No Brasil, os meios alternativos de solução de conflitos, como a Mediação e a Conciliação, ganharam espaço a partir da década de 90. Foram influenciados por países em que a Mediação mostrou-se positiva, como Estados Unidos, Inglaterra, Itália, Holanda e Argentina. Uma das grandes inspirações para o CNJ é o modelo desenvolvido pela Escola de Harvard para solução de conflitos.
 
“A Mediação e a Conciliação são institutos ainda pouco conhecidos no país, tanto pela população em geral quanto pelos operadores de direito”, explica Carla Faria Souza, tabeliã de protesto de Mar de Espanha, Minas Gerais.
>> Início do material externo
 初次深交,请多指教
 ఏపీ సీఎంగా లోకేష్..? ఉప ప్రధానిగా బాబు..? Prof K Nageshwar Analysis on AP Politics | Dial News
Segundo ela, persiste por aqui a forte cultura do atrito, que trata a sentença judicial como a única resposta possível. “Os Meios Alternativos de Solução de Conflitos, como a Mediação e a Conciliação, ou seja, essa nova forma de olhar os conflitos, que vem sendo incentivada pelo próprio Judiciário, principalmente pelo CNJ, busca a mudança da cultura do atrito para a cultura de paz”.
 
Não é difícil perceber que o hábito do atrito ainda é muito dominante e comum no Brasil. O Poder Judiciário, por mais que tente dar mais respostas à sociedade, vê o número de processos aumentar. Diante desse cenário, o entendimento de que os pleitos não devem ser solucionados via decisão judicial, em imposição de vontade, ganha força.
 
Letícia Franco Maculan Assunção, oficial de Registro Civil e Notas e diretora do INDIC, entidade credenciada pelo Tribunal de Justiça para cursos de conciliação e mediação, acre – dita que os cartórios deveriam aproveitar os provimentos para cumprir mais uma das suas funções sociais: “fornecer a oportunidade para que os próprios envolvidos no conflito encontrem as soluções, com a colaboração de um mediador especial, tabelião ou registrador”.
 
Os Provimentos 67 e 72 são exemplos de ações que buscam a desjudicialização. Segundo Letícia, o mediador, que é também registrador ou tabelião, conta com um diferencial: a fé pública. “É preciso quebrar o paradigma de que o juiz é aquele que resolverá o problema”, diz. “Os cidadãos têm o poder de, por si mesmos, mas com a ajuda de um mediador, definirem suas prioridades na vida, considerando tudo o que a envolve e não apenas aquele ponto controverso que, apesar de inicialmente mais visível para eles, não é, muitas vezes, o mais importante”.
 
Além do CNJ, Letícia ressalta que, no que diz respeito aos entes públicos, a Lei Complementar n.º 101/2000 também incentiva a busca por alternativas mais ágeis e viáveis financeiramente por parte do Estado. Essa lei estabelece normas de finanças públicas voltadas para a responsabilidade na gestão fiscal. “Em Minas, desde 2017, por meio do projeto Execução Fiscal Eficiente, ela estimula o uso de meios alternativos de cobrança menos onerosas para os cofres públicos, como a mediação e a conciliação, quando necessita cobrar CDAs”.
 
Formação de Mediadores e Conciliadores
 
Conforme estabelecido no Provimento 67, somente poderão atuar como conciliadores ou mediadores aqueles que forem formados curso específico para o desempenho das funções. O curso de formação, por sua vez, deve ser custeado pelos serviços notariais e de registro e ofertado pelas escolas judiciais ou por instituição formadora de mediadores judiciais.
 
Os Tribunais de Justiça dos Estados e do Distrito Federal e dos Territórios também podem credenciar associações, escolas e institutos vinculados aos serviços notariais e de registro não integrantes do Poder Judiciário para que realizem, sob supervisão, o curso. Os conciliadores e mediadores autorizados a prestar o serviço deverão, a cada dois anos, contados da autorização, comprovar à Corregedoria Geral da Justiça do seu respectivo Estado e ao Núcleo Permanente de Métodos Consensuais de Solução de Conflitos (Nupemec), a que estão vinculados, a realização de curso de aperfeiçoamento em conciliação e em mediação.